Caption-style text data
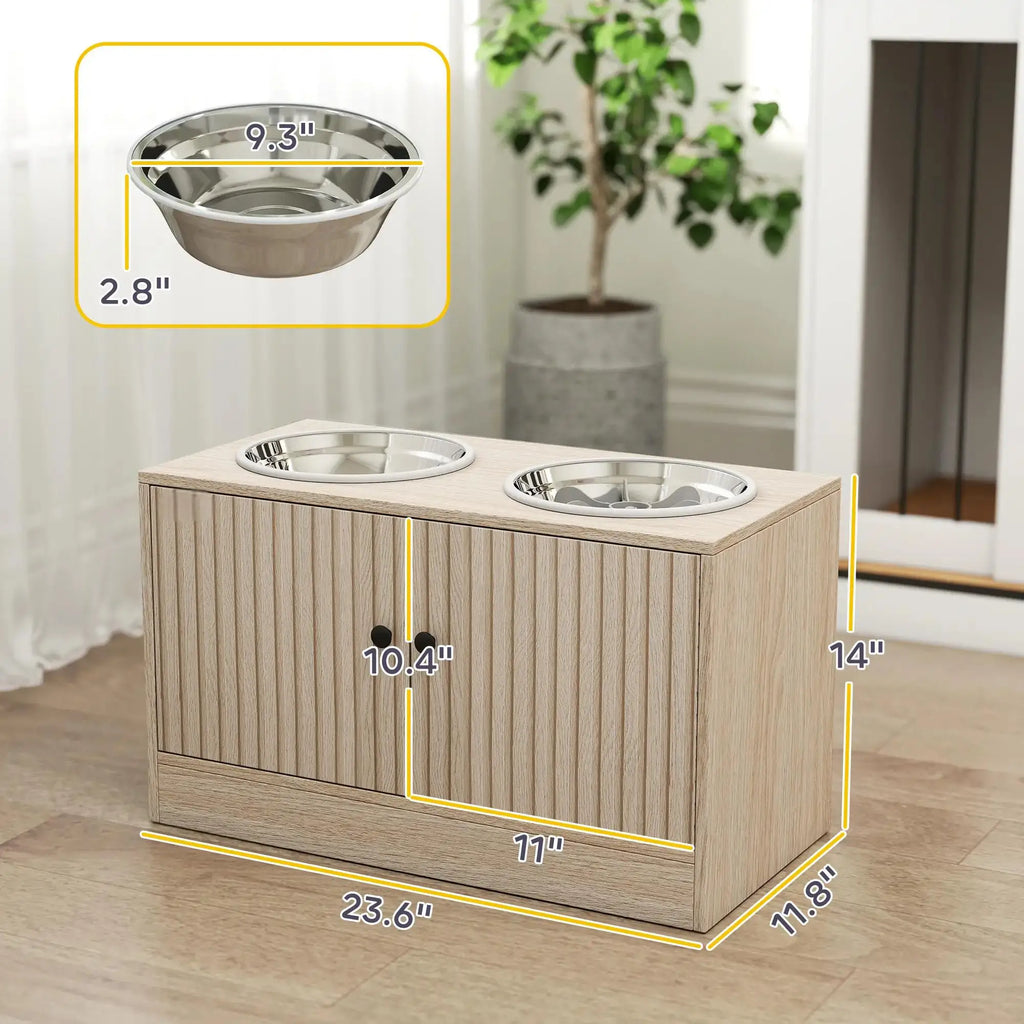 Elevated Dog Bowls with Hidden Storage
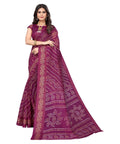 Vamika Linen Jari Border Purple Bollywood Style Saree | Grocsy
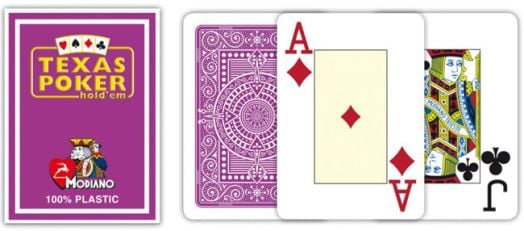 Покер карти Texas Poker 100% Plastic, лилави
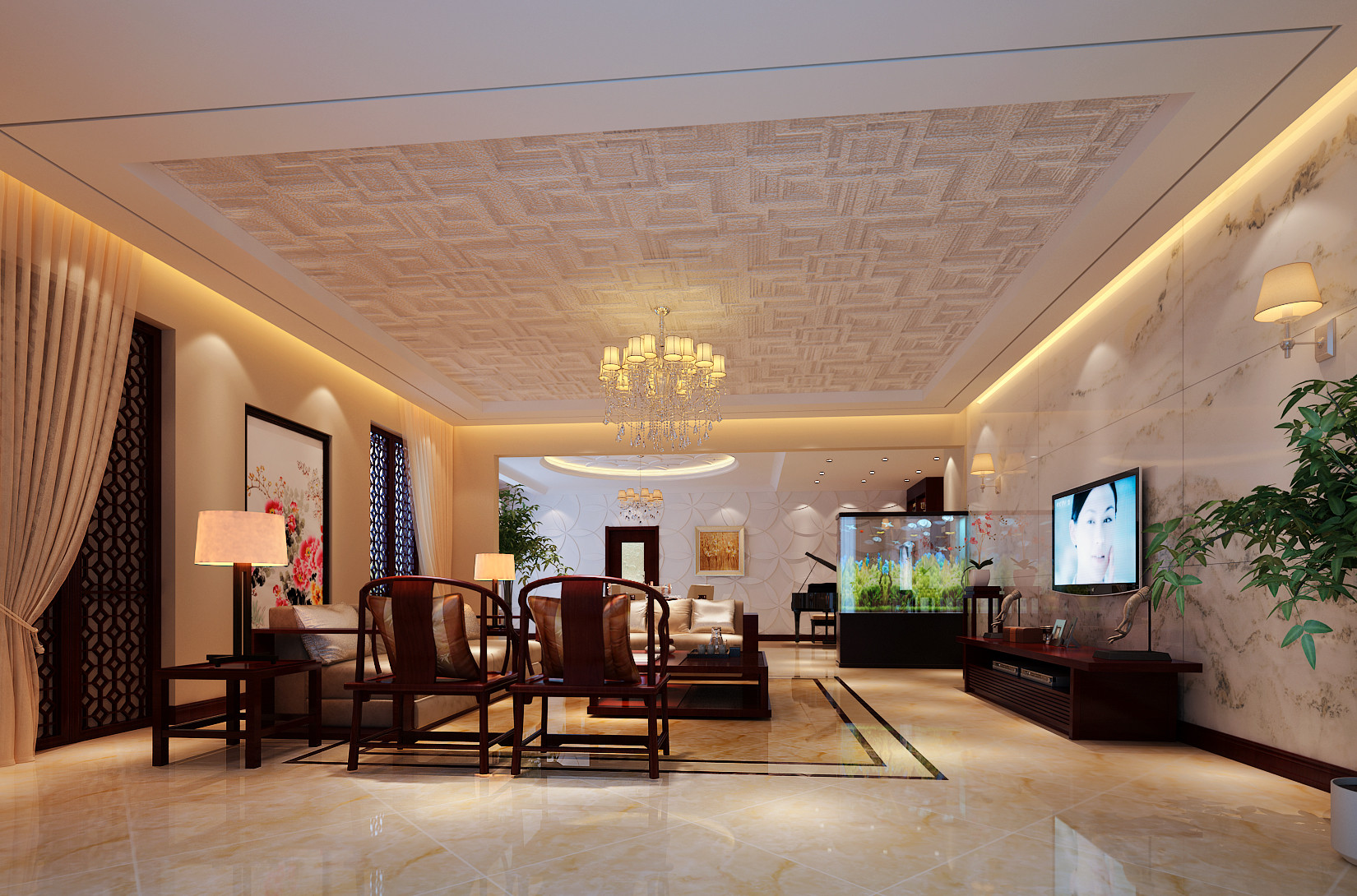 客厅图片来自北京居然元洲装饰在西山壹号院200平简约风格的分享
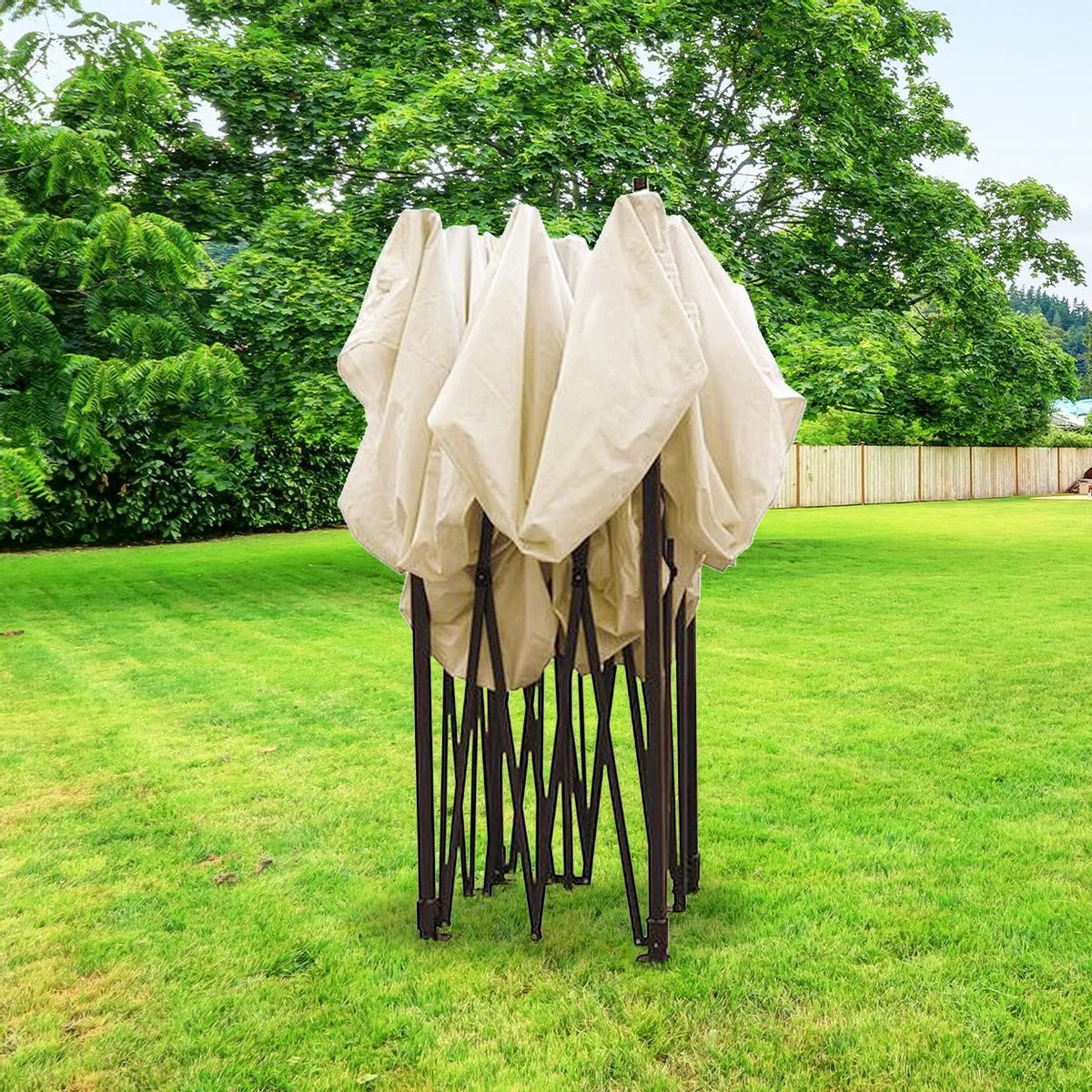 LifeGoods Partytent - 3x3 M - Zijwanden - Easy Up - Opvouwbaar - Waterdicht - Draagtas Met Wieltjes - Beige - Image 10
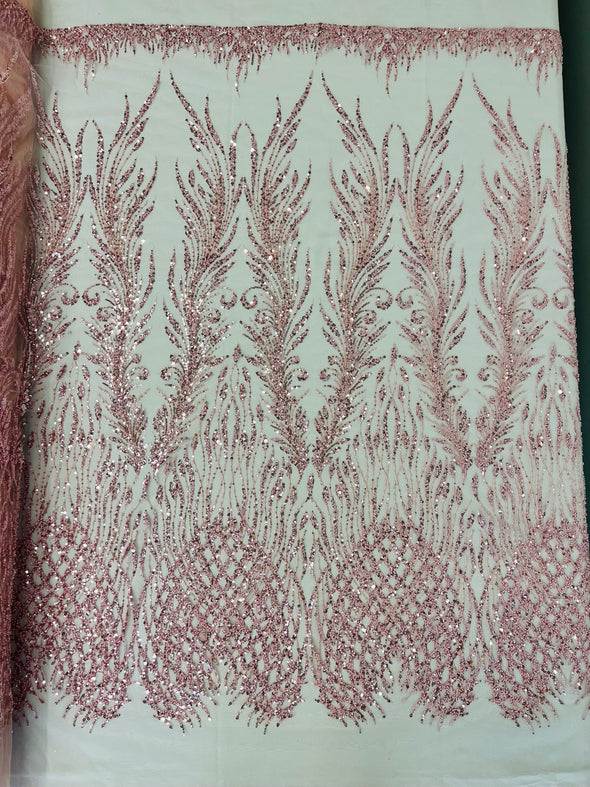 Dusty Pink Feathers damask embroider and heavy beaded on a mesh lace fabric- Sold by the yard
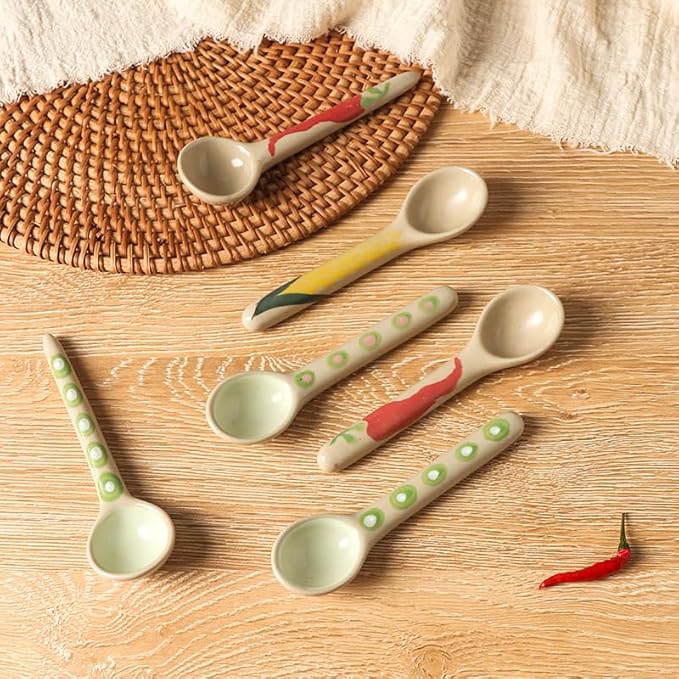 4-PCS hand-painted ceramic afternoon tea and coffee stirring spoon set, long-handled dessert spoons, handcrafted ceramic spoons, coffee spoons, teaspoons, size 4.9*1.3in (12.5*3.5cm) (Round handle)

INSTRUCTIONS TO FOLLOW:
Without the pictures, copy the entries from their first line through the line containing "Dusty Pink Feathers", and only those lines.

PROBLEM SOLUTION:
 Elevated Dog Bowls with Hidden Storage
 Vamika Linen Jari Border Purple Bollywood Style Saree | Grocsy
 Покер карти Texas Poker 100% Plastic, лилави
 客厅图片来自北京居然元洲装饰在西山壹号院200平简约风格的分享
 LifeGoods Partytent - 3x3 M - Zijwanden - Easy Up - Opvouwbaar - Waterdicht - Draagtas Met Wieltjes - Beige - Image 10
 Dusty Pink Feathers damask embroider and heavy beaded on a mesh lace fabric- Sold by the yard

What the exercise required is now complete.